Gene Ontology (GO) enrichment analysis showed that HCC_SNRPB_Low cell subset was mainly related to oxidative stress-related and ferroptosis-related functions (oxidoreductase activity, monooxygenase activity, iron ion binding, etc.). The HCC_SNRPB_High cell subset was mainly related to cell cycle (single-stranded DNA binding, structural constituent of ribosome, cadherin binding, etc.) (Figure 4I). Kyoto Encyclopedia of Genes and Genomes (KEGG) pathway analysis showed that HCC_SNRPB_Low cell subset was mainly related to oxidative stress-related pathways (peroxisome and 2-oxocarboxylic acid metabolism) and ferroptosis-related pathways (ferroptosis, cysteine and methionine metabolism, alanine-aspartate, and glutamate metabolism). HCC_SNRPB_High cell subset was mainly related to cell cycle-related pathways (cell cycle, DNA replication, mismatch repair, etc.) (Figure 4J). These findings indicate that downregulation of SNRPB may activate oxidative stress and ferroptosis in HCC, while upregulation of SNRPB may promote cell cycle progression in HCC.
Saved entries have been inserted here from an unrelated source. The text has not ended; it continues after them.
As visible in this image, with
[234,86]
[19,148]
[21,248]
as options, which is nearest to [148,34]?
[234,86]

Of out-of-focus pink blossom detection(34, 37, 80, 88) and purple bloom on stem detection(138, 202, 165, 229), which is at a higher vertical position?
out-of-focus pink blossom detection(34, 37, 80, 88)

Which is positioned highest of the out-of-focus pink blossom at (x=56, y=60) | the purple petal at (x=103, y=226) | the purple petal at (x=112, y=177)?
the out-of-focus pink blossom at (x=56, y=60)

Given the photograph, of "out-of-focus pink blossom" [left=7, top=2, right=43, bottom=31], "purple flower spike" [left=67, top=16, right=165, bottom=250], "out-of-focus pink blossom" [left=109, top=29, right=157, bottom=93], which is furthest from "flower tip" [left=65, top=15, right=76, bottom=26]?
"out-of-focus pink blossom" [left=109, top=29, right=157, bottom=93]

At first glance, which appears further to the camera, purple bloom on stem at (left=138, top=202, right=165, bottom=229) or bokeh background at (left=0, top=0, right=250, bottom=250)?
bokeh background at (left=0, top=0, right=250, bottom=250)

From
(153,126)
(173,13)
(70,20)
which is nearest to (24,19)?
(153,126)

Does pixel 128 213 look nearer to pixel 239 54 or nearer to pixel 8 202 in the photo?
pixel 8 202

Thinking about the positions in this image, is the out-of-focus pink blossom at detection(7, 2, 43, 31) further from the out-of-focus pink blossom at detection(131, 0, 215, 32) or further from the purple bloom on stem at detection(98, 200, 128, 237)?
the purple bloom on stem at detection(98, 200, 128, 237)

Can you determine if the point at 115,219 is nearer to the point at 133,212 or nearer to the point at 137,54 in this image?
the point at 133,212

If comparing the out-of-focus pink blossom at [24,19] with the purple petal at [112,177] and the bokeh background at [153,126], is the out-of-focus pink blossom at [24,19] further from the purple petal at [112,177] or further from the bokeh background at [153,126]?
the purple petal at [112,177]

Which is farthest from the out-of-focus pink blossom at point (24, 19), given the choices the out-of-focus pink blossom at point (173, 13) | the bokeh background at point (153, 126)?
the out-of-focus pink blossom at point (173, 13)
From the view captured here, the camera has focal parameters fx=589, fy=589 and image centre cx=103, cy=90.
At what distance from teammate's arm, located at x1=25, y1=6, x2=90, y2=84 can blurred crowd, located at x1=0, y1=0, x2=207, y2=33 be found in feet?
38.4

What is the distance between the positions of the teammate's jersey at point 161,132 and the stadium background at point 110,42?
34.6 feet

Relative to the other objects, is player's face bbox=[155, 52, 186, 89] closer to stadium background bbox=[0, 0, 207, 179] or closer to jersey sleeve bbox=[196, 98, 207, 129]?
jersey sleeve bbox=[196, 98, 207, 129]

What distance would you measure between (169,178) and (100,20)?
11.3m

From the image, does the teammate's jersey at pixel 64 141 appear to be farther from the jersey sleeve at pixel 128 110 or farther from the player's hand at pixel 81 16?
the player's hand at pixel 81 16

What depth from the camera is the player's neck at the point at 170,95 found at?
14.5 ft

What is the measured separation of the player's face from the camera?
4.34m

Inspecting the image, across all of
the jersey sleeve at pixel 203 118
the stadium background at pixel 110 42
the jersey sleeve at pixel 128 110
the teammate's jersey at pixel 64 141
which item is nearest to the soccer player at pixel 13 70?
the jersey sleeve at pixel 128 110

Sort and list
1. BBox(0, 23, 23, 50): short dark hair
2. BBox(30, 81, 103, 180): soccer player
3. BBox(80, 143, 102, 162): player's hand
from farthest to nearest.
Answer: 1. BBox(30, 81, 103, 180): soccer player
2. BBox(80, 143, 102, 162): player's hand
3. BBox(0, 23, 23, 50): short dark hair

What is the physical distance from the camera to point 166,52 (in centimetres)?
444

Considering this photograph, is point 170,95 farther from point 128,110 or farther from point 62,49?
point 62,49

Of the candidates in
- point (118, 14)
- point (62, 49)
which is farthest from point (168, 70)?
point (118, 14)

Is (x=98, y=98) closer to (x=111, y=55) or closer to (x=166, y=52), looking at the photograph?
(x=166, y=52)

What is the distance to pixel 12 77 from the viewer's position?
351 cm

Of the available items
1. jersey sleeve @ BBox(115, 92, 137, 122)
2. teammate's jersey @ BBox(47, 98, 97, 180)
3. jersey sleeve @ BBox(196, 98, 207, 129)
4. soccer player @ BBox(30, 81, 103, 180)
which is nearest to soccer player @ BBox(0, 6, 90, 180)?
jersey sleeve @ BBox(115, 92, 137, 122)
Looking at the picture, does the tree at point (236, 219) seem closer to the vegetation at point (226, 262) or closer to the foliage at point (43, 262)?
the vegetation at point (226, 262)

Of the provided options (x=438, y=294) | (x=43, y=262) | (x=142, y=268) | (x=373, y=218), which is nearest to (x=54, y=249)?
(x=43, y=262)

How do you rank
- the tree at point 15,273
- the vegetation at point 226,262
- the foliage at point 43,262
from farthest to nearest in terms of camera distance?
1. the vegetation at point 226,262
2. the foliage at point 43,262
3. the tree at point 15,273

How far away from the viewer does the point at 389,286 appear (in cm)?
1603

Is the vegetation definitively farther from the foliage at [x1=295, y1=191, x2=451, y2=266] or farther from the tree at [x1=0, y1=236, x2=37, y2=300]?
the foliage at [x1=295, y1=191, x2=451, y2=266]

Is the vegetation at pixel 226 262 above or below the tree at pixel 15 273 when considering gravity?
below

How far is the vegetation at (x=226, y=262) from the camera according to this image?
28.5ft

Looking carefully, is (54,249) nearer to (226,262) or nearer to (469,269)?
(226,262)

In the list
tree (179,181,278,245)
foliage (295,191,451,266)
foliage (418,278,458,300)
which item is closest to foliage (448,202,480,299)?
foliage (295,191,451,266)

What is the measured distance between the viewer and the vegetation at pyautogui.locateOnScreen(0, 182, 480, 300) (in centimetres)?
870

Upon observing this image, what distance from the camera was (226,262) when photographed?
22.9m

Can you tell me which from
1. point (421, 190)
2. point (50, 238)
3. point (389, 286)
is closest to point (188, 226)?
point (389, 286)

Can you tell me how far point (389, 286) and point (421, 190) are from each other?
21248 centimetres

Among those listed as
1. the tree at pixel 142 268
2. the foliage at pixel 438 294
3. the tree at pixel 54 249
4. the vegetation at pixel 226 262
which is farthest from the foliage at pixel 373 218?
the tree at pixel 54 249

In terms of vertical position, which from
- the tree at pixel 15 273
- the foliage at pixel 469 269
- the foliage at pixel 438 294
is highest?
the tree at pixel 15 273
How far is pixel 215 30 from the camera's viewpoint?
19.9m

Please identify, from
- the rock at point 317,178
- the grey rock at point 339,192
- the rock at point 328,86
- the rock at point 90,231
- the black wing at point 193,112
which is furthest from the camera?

ssGSEA analysis showed that compared with HCC_SNRPB_High cell subset, HCC_SNRPB_Low cell subset had higher ferroptosis and oxidative stress scores and lower cell cycle scores (p < 0.001) (Figure 4K4M), which further indicate that downregulation of SNRPB may promote HCC cell death by inducing oxidative stress and ferroptosis, while upregulation of SNRPB may promote HCC progression by affecting cell cycle.
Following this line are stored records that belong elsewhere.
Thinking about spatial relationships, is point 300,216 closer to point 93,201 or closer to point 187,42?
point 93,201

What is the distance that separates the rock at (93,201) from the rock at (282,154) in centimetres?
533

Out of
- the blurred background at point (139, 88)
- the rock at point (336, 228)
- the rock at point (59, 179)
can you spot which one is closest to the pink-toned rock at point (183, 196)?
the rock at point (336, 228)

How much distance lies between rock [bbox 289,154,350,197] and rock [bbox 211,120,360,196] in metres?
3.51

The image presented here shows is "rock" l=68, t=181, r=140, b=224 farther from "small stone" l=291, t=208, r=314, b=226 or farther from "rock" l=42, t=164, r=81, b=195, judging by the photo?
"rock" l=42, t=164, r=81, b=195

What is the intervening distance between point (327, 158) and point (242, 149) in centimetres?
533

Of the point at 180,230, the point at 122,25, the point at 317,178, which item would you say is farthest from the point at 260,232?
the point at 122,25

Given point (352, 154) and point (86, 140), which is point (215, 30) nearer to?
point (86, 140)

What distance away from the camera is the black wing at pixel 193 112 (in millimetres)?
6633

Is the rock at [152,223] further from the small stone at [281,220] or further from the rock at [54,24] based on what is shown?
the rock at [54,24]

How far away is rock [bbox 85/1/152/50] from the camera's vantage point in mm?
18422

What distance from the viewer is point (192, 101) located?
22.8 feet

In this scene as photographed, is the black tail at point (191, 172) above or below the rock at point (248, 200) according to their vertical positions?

SNRPB knockdown arrests cell cycle and inhibits HCC cell proliferation

To explore SNRPB function in HCC, Huh7 and Hep3B cell lines were adopted to establish SNRPB knockdown models (Figure 5A, 5B). Gene Set Enrichment Analysis (GSEA) performed on TCGA dataset revealed that the KEGG cell cycle (N = 2.113, p = 0.029), WP cell cycle (N = 2.149, p = 0.029), reactome G2/M checkpoints (N = 2.05, p = 0.001), reactome mitotic G2/M phases (N = 2.03, p = 0.001) are significantly enriched in the high SNRPB expression samples (Figure 5C). Using flow cytometry, we found a higher proportion of cells in the G2/M phase in the SNRPB knockdown group (Lv-shSNRPB1 and Lv-shSNARPB2 groups) compared with the Lv-shNC group (Figure 5D). The results of the Edu experiment demonstrated significantly lower cellular proliferation rate in SNRPB knockdown group (Lv-shSNRPB1 and Lv-shSNRPB2 groups) compared with the Lv-shNC group (Figure 5E).
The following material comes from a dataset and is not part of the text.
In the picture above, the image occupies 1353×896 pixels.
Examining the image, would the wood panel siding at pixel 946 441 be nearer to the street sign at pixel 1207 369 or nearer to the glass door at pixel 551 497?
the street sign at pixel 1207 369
Cell cycle arrest and proliferation inhibition of HCC cells after SNRPB knockdown. (A) The mRNA expression level of SNRPB was evaluated by RT-qPCR. (B) The protein expression level of SNRPB was evaluated by Western blotting. (C) GSEA of the TCGA dataset: the SNRPB-related DGEs are enriched in the cell cycle, as well as G2/M phase. (D) The influence of SNRPB knockdown on cell cycle of Huh7 and Hep3B cells. (E) The influence of SNRPB knockdown on the proliferation of Huh7 and Hep3B cells.

Figure 5. Cell cycle arrest and proliferation inhibition of HCC cells after SNRPB knockdown. (A) The mRNA expression level of SNRPB was evaluated by RT-qPCR. (B) The protein expression level of SNRPB was evaluated by Western blotting. (C) GSEA of the TCGA dataset: the SNRPB-related DGEs are enriched in the cell cycle, as well as G2/M phase. (D) The influence of SNRPB knockdown on cell cycle of Huh7 and Hep3B cells. (E) The influence of SNRPB knockdown on the proliferation of Huh7 and Hep3B cells.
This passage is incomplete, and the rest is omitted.